Typische WEF-Fehldiagnose. Nicht der Einkommensunterschied zwischen den Reichsten und den Ärmsten ist das grösste Problem. Viel bedrohlicher ist, dass eine sehr kleine Gruppe von Menschen die Regeln von Wirtschaft und Politik so geändert hat, dass sie immer grössere Teile von Einkommen, Vermögen und Wachstum kapert. Motto: Der Sieger nimmt sich alles.

  • Die 63 reichsten Menschen besitzen so viel wie die 3,5 Milliarden Ärmsten.

  • 1 Prozent besitzt 110 Billionen Dollar (110 000 Milliarden). Das ist 65 mal mehr als die ärmere Hälfte der Menschheit hat. Und etwa so viel wie anderen 99 Prozent besitzen.

  • In den USA hat sich das reichste Prozent 95 Prozent des Wachstums nach der Finanzkrise geschnappt.

Woraus man sieht: Es geht eben nicht nur um die Reichsten und die Ärmsten, sondern darum, dass der Grossteil der Menschheit gerade seine Zukunft verliert, manche Lebenschance streichen muss und Sicherheit einbüsst. Nicht nur jener Teil der Menschheit in den fernen, armen Ländern. Sondern auch die Mehrheit in den reichen Ländern. Diese Umverteilung beschleunigte sich in den vergangenen Jahren. Begleitet wird sie von einem Umbau der politischen Systeme durch die 1-Prozent-Elite (die Wirtschaftszeitschrift "Forbes" meint sogar höhnisch: "Wir sind nur 0,1 Prozent!"). Zur wirtschaftlichen Macht gesellen sie die Verfügungsmacht über die Politik. So gut wie alle Gesetze, die im letzten Jahrzehnt in den USA und in Europa verabschiedet wurden, dienen den Reichsten: Steuersenkungen, Deregulierung des Finanzsektors, Unternehmenssteuerreform, Liberalisierung der Arbeitsmärkte und einiges mehr.

Auf dem Weg ins Chaos

Rechtzeitig zum WEF hat die Entwicklungsorganisation Oxfam diese Vorgänge belegt und ausgeleuchtet.
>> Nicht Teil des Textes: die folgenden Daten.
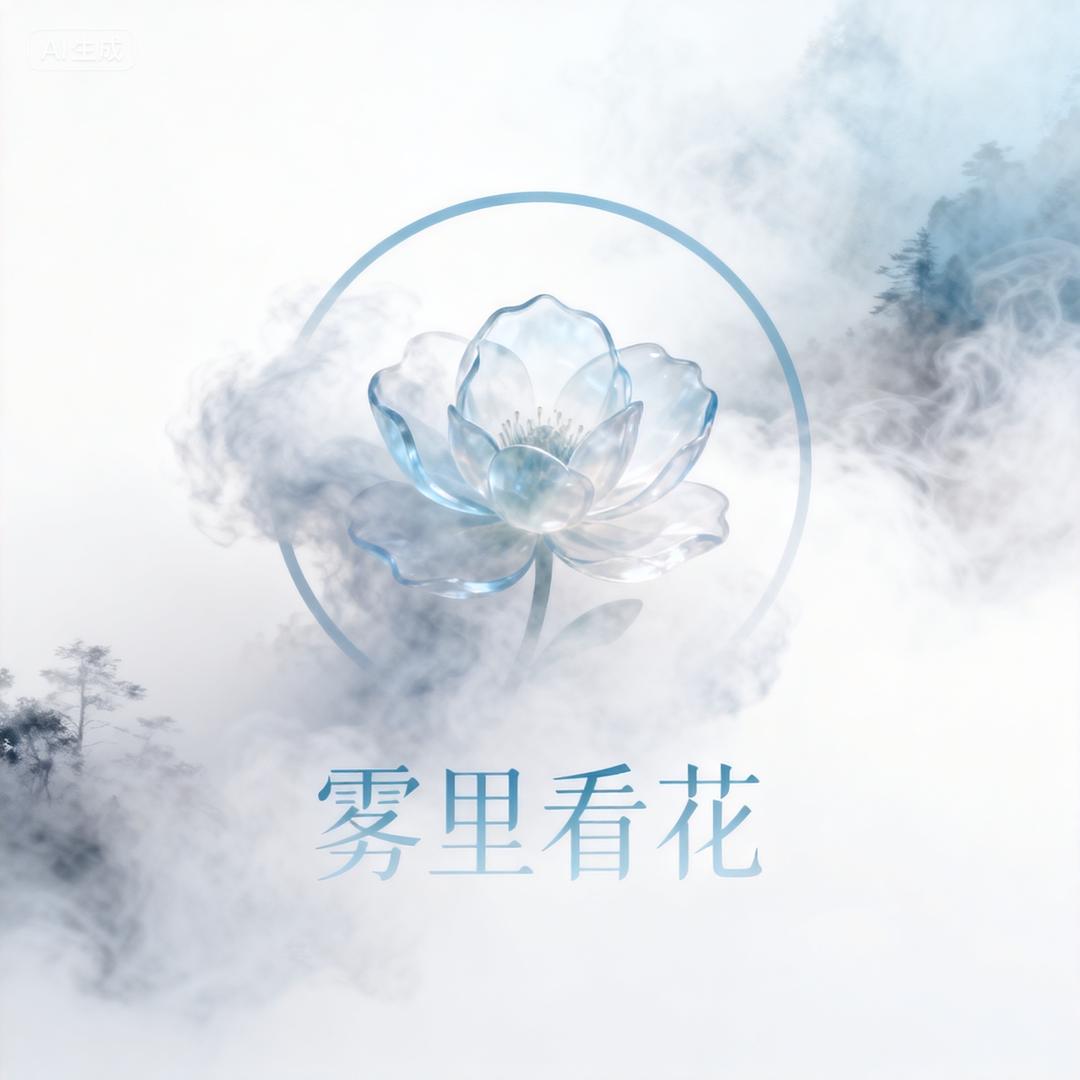 雾里看花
Es ist eine äussert dichte, faktenreiche Studie geworden. Nur 30 Seiten schlank. Die Oxfam-Analytiker haben sie mit zahlreichen früheren Studien, Umfragen und mit einem immensen Datenmaterial genährt.
Sie zeichnen das Bild einer Welt, deren materiellen Güter, Werte und Möglichkeiten von einer Handvoll Konzerne und ein paar Tausend Aktionären, Bankern und Grundbesitzern konfisziert werden. Es ist die Welt von 1426 Milliardären.
Eine Welt im Epochenbruch. Am WEF sprachen die Weltenlenker über die Oxfam-Studie. Denn sie fürchten, dass sich, für sie nicht sichtbar, die Gegenwehr formiert. Oder sich in revolutionären Ausbrüchen entlädt. Von den Oxfam-Vorschlägen wie höheren Steuern auf Gewinnen und hohen Einkommen, besserem Arbeitsschutz oder Mindestlöhnen (!) wollten die Konzernchefs nichts hören. Aber die Oxfam-Kernbotschaft hörten sie klamm: Diese Ungleichheit stürzt die Menschheit ins Chaos. Und: "Handelt schnell! Sehr schnell!"